Spadework done for the establishment of climate-smart villages in Southeast Asia

The CSV teams get trained on how to properly obtain baseline information through participatory methods.
Sep 25, 2014

by

Bernadette Joven (CCAFS-SEA)

In the long journey towards development, the destination is as important as its origin, and all the processes in between. 

The CGIAR Research Program on Climate Change, Agriculture and Food Security in Southeast Asia (CCAFS-SEA), together with NARES partners, will soon embark on village baseline surveys, needs assessment and situation analysis. These are important initial steps to identifying strategic entry points of intervention among climate-smart villages (CSVs).

CCAFS champions the CSVs as models of introducing location-specific climate-smart agricultural practices for food security and resource sustainability amid climate change.

Priming climate-smart village teams

To start spadework for the CSV acitivities, CCAFS-SEA organized a training workshop on “Implementing Village Baseline Survey” among local partners who will help implement program activities.
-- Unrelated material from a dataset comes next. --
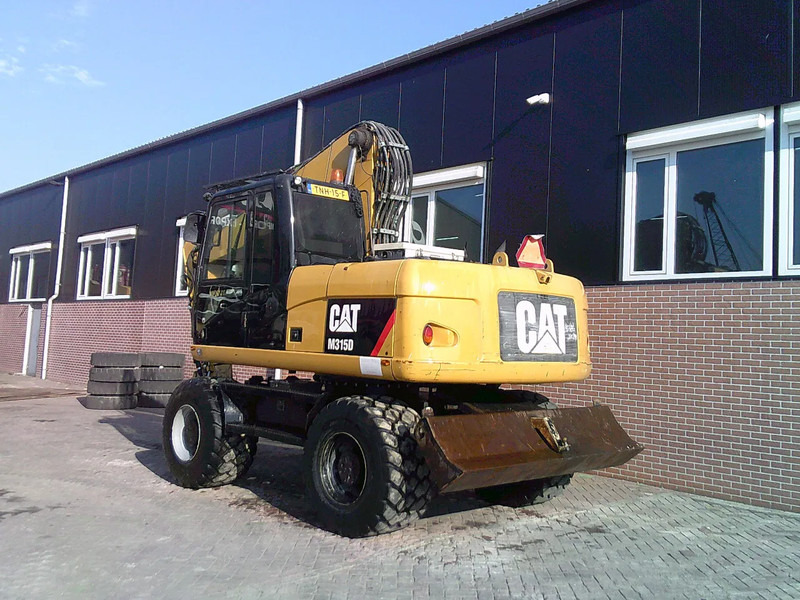 Caterpillar M315D - Τροχοφόρος εκσκαφέας: φωτογραφία 2 Caterpillar M315D - Τροχοφόρος εκσκαφέας: φωτογραφία 2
Between 1-6 September 2014 in Ho Chi Minh City, Vietnam, 16 participants from Vietnam, Cambodia and Laos gained knowledge on how to effectively obtain information from stakeholders through participatory approaches.
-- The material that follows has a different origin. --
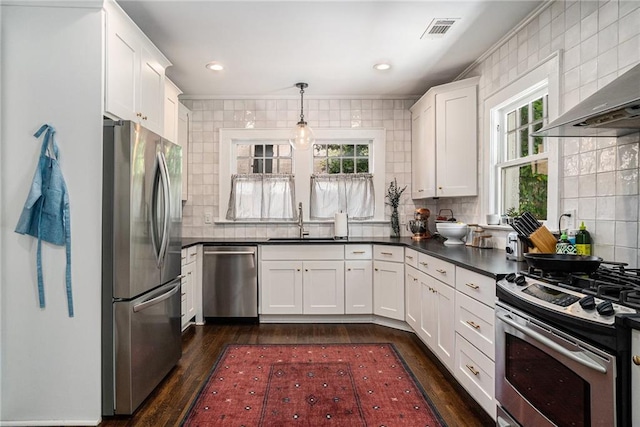 614 Cooledge Ave NE, Atlanta, GA 30306 - kitchen featuring appliances with stainless steel finishes, wall chimney range hood, a sink, dark countertops, and tasteful backsplash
Endorsed by CGIAR centers and local partners, the participants will compose the teams that will work in the six CSVs initially identified for the region. 
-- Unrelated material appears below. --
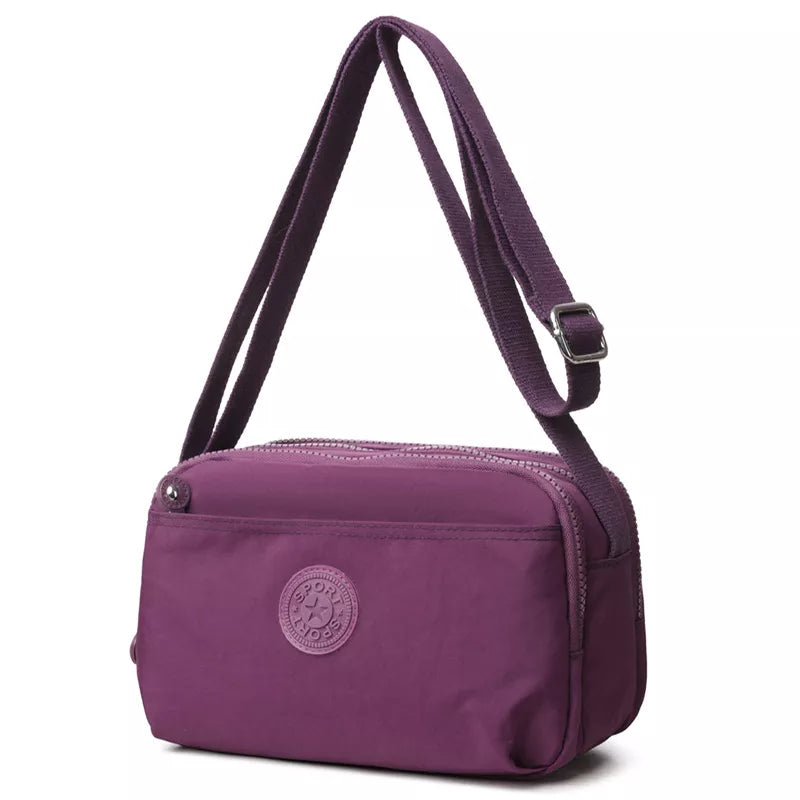 Small purple nylon crossbody bag with an adjustable strap, silver buckle, zip-top closure, rounded silhouette, and front zip pocket with logo patch.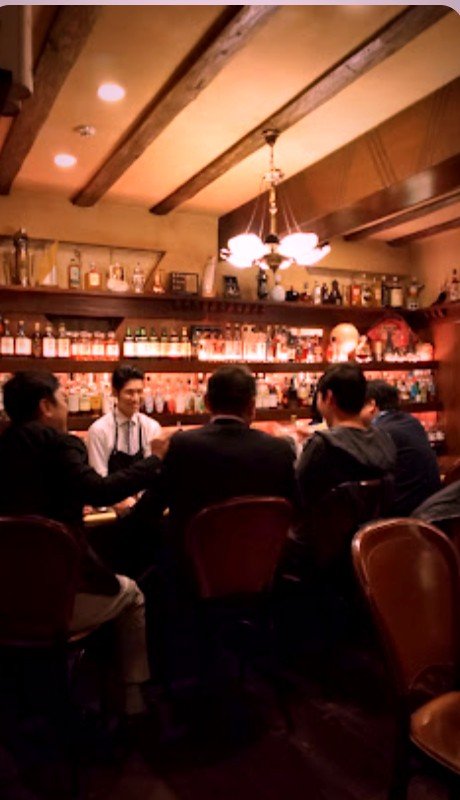 Guests at the wooden counter with the bartender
Each of the CSV teams will have two facilitators/moderators and two note-takers. Gender balance is a consideration in the team composition. These key roles hold significance not only in collecting information but also as a means of engaging local stakeholders for participatory action research.

Trainers from the World Agroforestry Center (ICRAF), Maseno University in Kenya, University of the Philippines-Visayas and the International Institute of Rural Reconstruction (IIRR)-Philippines shared broad experiences with the participants in conducting baseline surveys, situation analysis and needs assessment.

As one participant succinctly puts it:

There were many new acronyms/terms for almost everybody to learn at initial steps of CSV implementation. After the training workshop, participants finally got familiar with VBS, OBS, HBS, FGD, KII, SA & NA,  PAR, etc. and surely can bring them into CSV actions."

Information that matters

Baseline information, in the provincial, district, village and household levels are vital components in the roll outplans of the CSVs. Information that will be gathered shall provide basic indicators of natural resource utilization, organizational landscape, information networks and visioning for farming practices which can be compared across CSV sites and monitored over time.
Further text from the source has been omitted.